Thursday, April 3, 2008

Thursday in review

Thursday morning was a grab bag of stuff. I printed readings, registered for summer credits (zero dissertation hours - yes, you're registering for nothing!), sent some emails, updated PPI stuff, yada yada yada. Then I couldn't face my paper, so I worked on my annual evaluation form, which is due on tax day.

Went to class in a torrential downpour. Then I stopped by the library to pick up an interlibrary loan needed for my access paper, only to discover the book couldn't be removed from the library. (I'm pulling the data for my paper from it.) So I spent some time working on it, finding it wasn't as complete as I expected and getting frustrated. I went home to mull on it and surprised myself by actually writing up a chunk of that paper - the data and limitations section. I know it's not my priority paper for this week, but I figure paper inspiration is rare enough to be seized whenever it happens. Then I went to yoga, still sore from Tuesday's class.

I really should take a post-yoga shower, but I need a cup of hot tea first. Maybe I can finish The American College and the Culture of Aspiration, 1915-1940 tonight. It's a library book, and someone recalled it.

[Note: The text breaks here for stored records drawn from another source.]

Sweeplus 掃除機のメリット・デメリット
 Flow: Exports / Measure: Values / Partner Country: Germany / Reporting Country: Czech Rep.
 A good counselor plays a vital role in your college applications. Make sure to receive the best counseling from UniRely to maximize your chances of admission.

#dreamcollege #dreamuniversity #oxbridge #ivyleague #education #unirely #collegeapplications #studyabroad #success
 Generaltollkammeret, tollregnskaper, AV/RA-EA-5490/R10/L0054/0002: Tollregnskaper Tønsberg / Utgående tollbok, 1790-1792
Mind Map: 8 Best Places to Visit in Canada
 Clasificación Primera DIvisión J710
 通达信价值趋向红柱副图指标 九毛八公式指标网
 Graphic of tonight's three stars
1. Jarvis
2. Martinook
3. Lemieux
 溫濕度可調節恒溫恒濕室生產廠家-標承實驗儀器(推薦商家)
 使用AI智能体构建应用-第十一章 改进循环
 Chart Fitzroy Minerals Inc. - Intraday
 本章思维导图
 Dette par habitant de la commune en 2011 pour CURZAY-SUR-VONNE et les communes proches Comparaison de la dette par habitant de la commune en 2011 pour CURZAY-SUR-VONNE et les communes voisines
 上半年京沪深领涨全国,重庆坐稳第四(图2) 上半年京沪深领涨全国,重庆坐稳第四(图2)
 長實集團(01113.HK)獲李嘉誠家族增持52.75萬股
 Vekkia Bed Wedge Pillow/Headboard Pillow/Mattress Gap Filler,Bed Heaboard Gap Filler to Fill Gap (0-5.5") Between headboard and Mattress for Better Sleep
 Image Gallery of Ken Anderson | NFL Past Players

Pfft.

In which we talk about our fellow students

Setting: The office. Officemate's phone rings.
Officemate: Ha ha.
Me: What's so funny?
Officemate: Oh, I'm just updating Mr. Brilliant on sports.
Me: He's awake? (Being a notorious nightowl.)
Officemate: He only sleeps about 3 to 4 hours a night. That's why he works 10 to 12 hours every day, and has time to swim every day and go to clubs and stuff.
Me: Why do you tell me this? How am I supposed to compete on the job market with people who only sleep 3 hours a night?

Wednesday, April 2, 2008

Accountability on Wednesday

I work at home Wednesday mornings. I wrote up some notes for an article I'm responsible for regarding tonight's class and wrote an outline for my stratification paper. Then I went to Costco to pick up some new contact lenses. (I really wanted to go to Cost Plus and DSW, but I was disciplined. Also, I didn't have time.) At noon we had a PPI meeting and then lunch at the Commons. I spent some more time working on Project Snowball. I'm on the fence about whether that one is "my stuff" or "advisor stuff," because my advisor is the first author, but I'm responsible for getting this particular article out. So I guess it's both. I also had a brief meeting with my officemate about a paper we're writing. Basically, we agreed to put it aside until May, since we're buried under end of the semester stuff and I have to get ASHE proposals out.

Then at 4 we had class, except today we took a field trip to Fisk. When I got home a friend called and we chatted for a while. I've spent the rest of the evening reading. After a certain hour, I can't do anything else - I can't write at night, and I do Stata better during the day. So, reading for this paper. Woot. And laundry. Double woot.

Interesting point about outlining this paper: My original idea was promising, I think, but when I turned in my formal proposal, it had gotten vague and unfocused. So I've been thinking and reading, and when I wrote up the outline, I had a realization: "Oh - so THIS is what my paper is about." It's not that I discovered that instead of being about dairy cows it was about goats, but that my angle on dairy cows was that Jerseys in particular produce delicious cheddar cheese. (Metaphorically, of course.) That's one of the mysteries of the human brain - stuff rattling around in the subconscious is sometimes just ready to come out.

Tuesday, April 1, 2008

Tuesday's report

I spent half of this morning working on PPI stuff for my advisor and the rest of it doing reading for my stratification paper. Once again I spent some time chatting, but then I didn't take a lunch break. In the afternoon was my contemporary sociological theory class. Then I was planning to run to Costco to get more contact lenses, but I didn't feel like fighting rush-hour traffic, so I did some more reading before going to yoga. After yoga I read one chapter but was pretty wiped out, after two weeks of no yoga.

Score? I was reasonably productive, but I feel like I need to be writing my paper, not reading for it and thinking about it.